# WHAT YOU NEED TO DO
Output, exactly as written, the lines below from the one that has "Collegeblock Brunnen Student" through the one that has "Złoty Medal Chrystusa"; nothing else, and no pictures.

Pictures with short captions
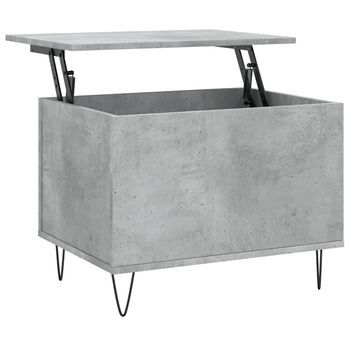 Mesa De Café - Mesa De Centro Madera Contrachapada Gris Hormigón 60x44,5x45 Cm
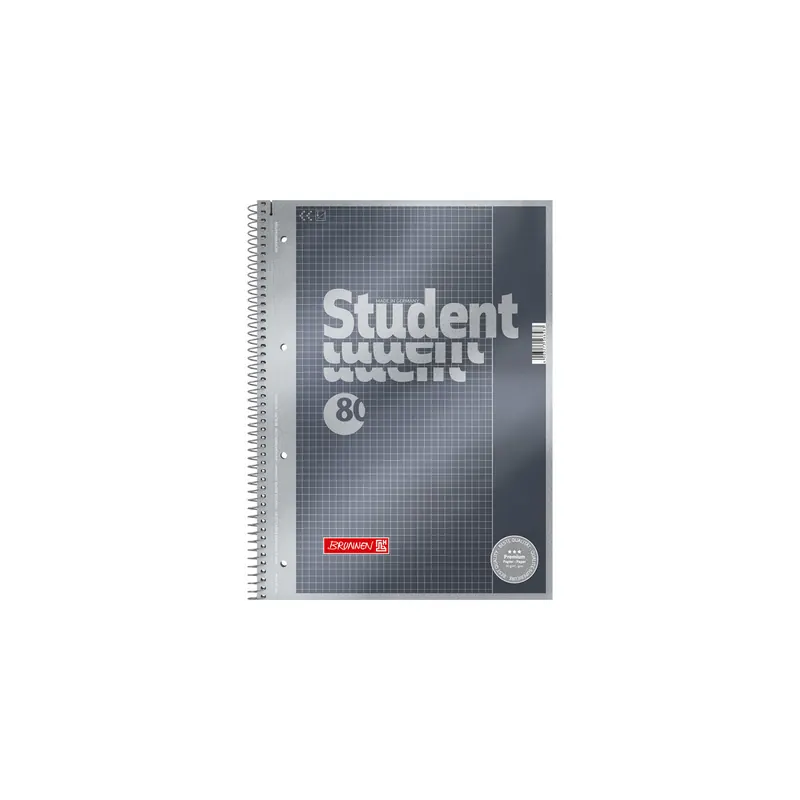 Collegeblock Brunnen Student Premium 67126 - A4 210 x 297 mm grau kariert Lineatur26 5 x 5 mm mit Rand 80 Blatt hochweißes Premiumpapier 90 g/m²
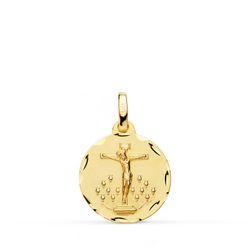 Złoty Medal Chrystusa z Laguna Rzeźbiony 18kt 16mm 27000156
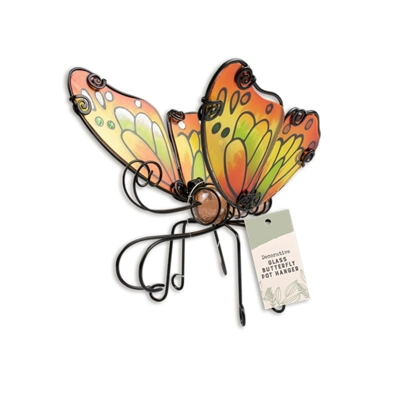 Decorative Glass Butterfly Pot Hanger - Orange Decorative Glass Butterfly Pot Hanger - Orange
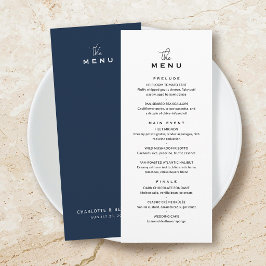 Cartão de Menu de Casamento Clássico Chic Minimali
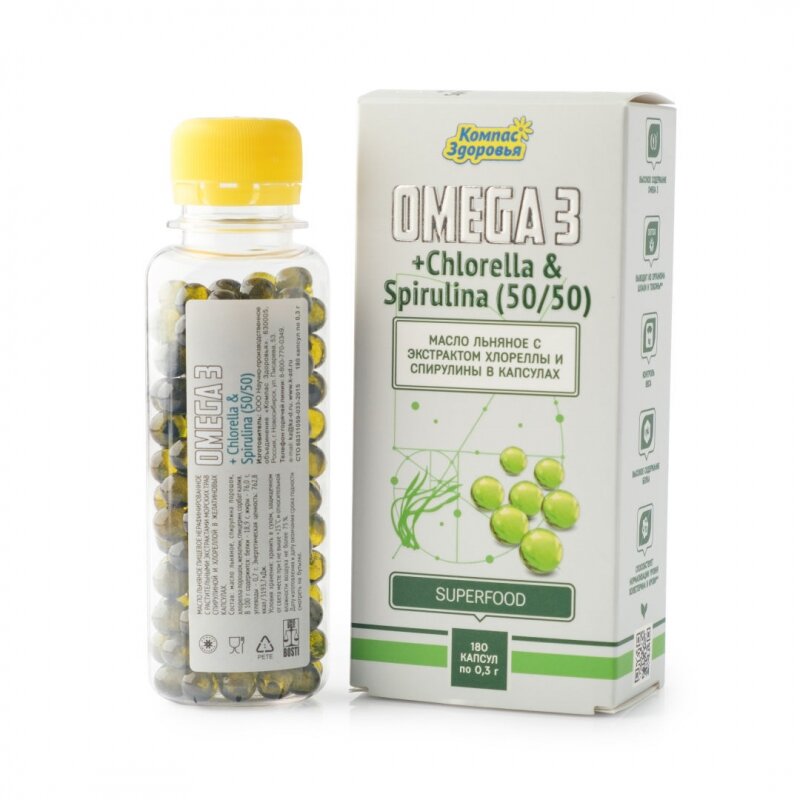 Омега-3 с спирулиной и хлореллой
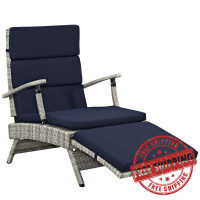 Modway EEI-2301-LGR-NAV Envisage Chaise Outdoor Patio Wicker Rattan Lounge Chair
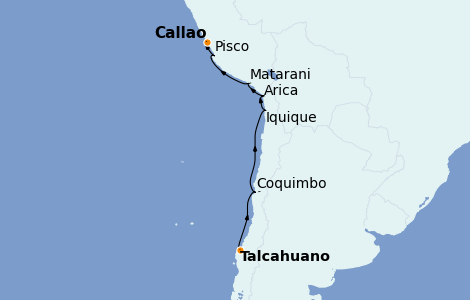 Itinéraire de la croisière Amérique du Sud 9 jours à bord du Le Boréal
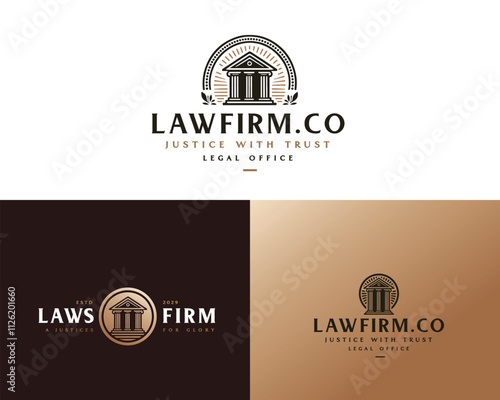 Vintage classic unique Legal and Law Firm logo template logo for justice business 
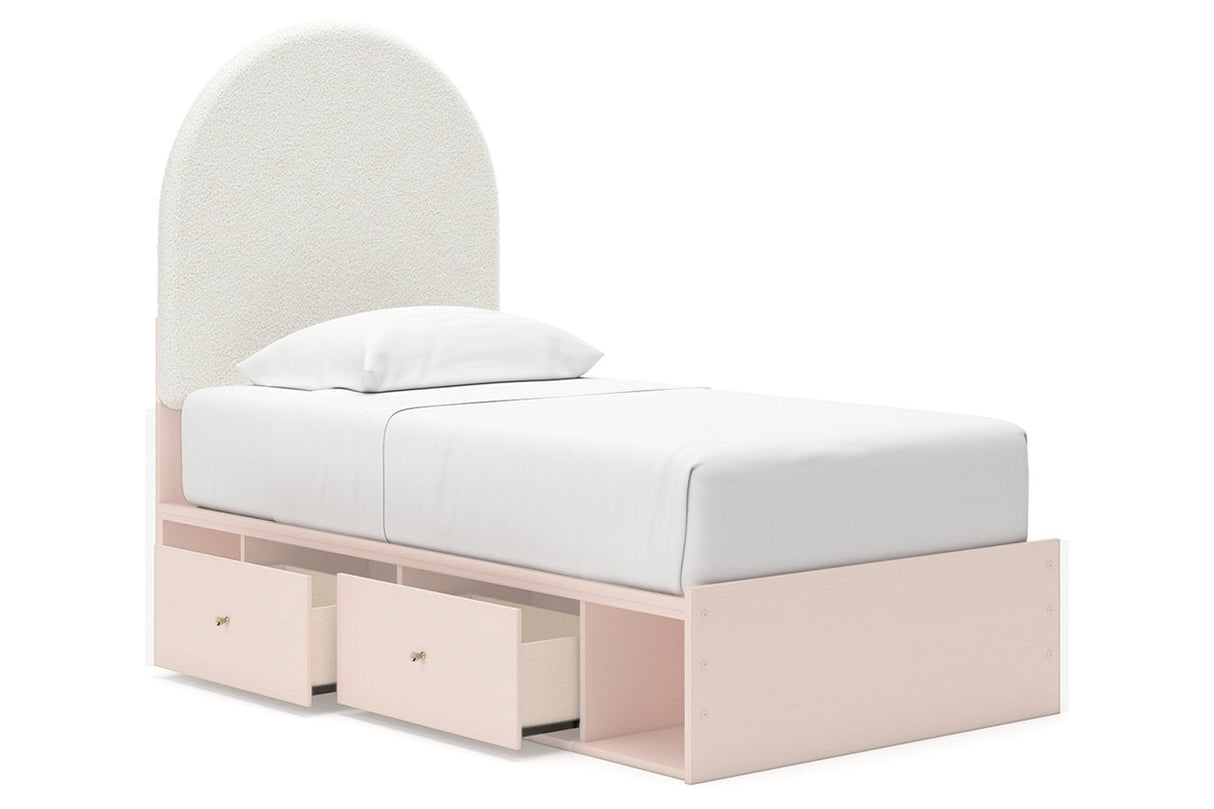 Wistenpine Blush Upholstered Youth Storage Platform Bedroom Set with 4 Drawers by Ashley at Eve Furniture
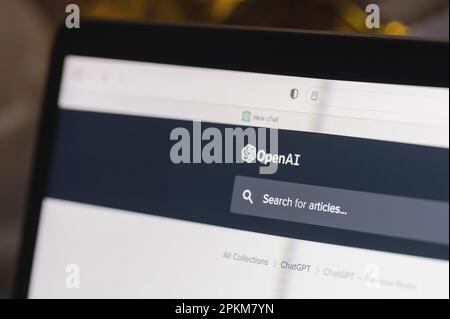 New york, Stati Uniti d'America - 7 aprile 2023: Nuova chat in OpenAi ChatGPT sullo schermo del computer vista ravvicinata Foto Stock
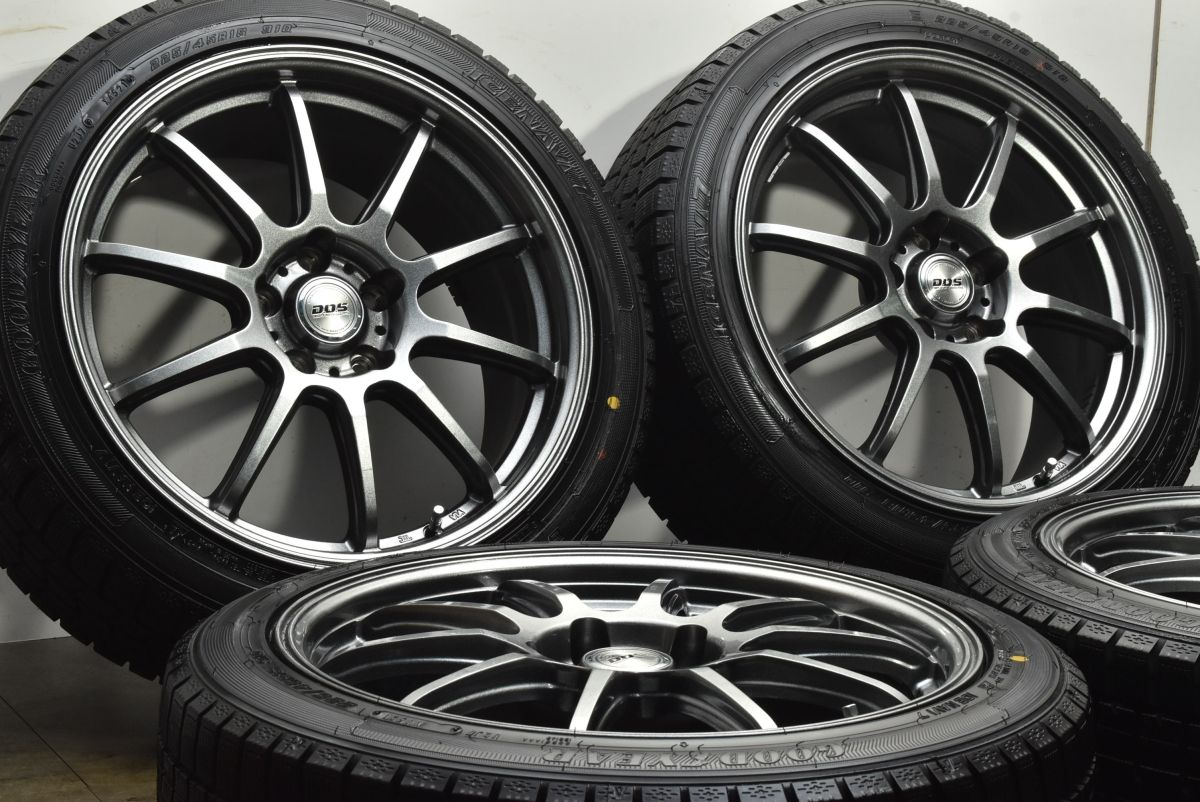 バリ溝 DOS 18 in 8 J 45 PCD 114 3 グッドイヤー アイスナビ7 225 R クラウン プリウスα オデッセイ アクセラ レヴォーグ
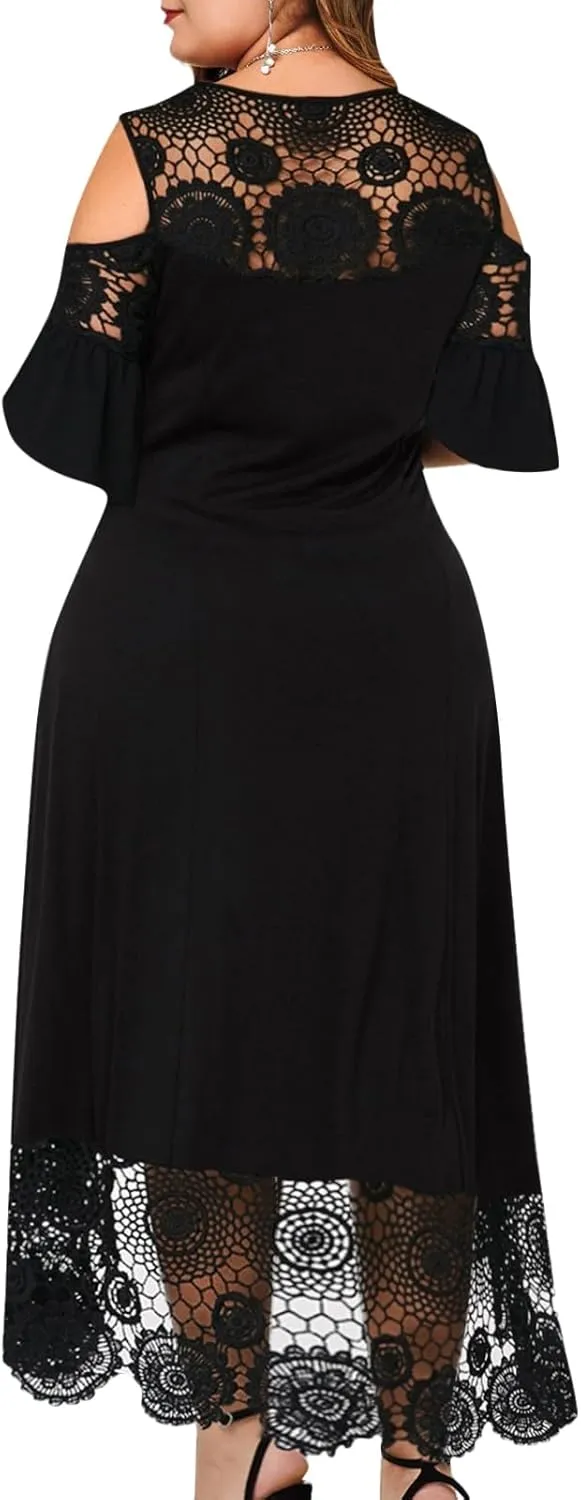ODIZLI Women's Plus Size Short Sleeve Off-Shoulder Floral Lace Irregular Hemline Ruffle Midi Dress Party Dress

# TASK RESPONSE
 Collegeblock Brunnen Student Premium 67126 - A4 210 x 297 mm grau kariert Lineatur26 5 x 5 mm mit Rand 80 Blatt hochweißes Premiumpapier 90 g/m²
 Złoty Medal Chrystusa z Laguna Rzeźbiony 18kt 16mm 27000156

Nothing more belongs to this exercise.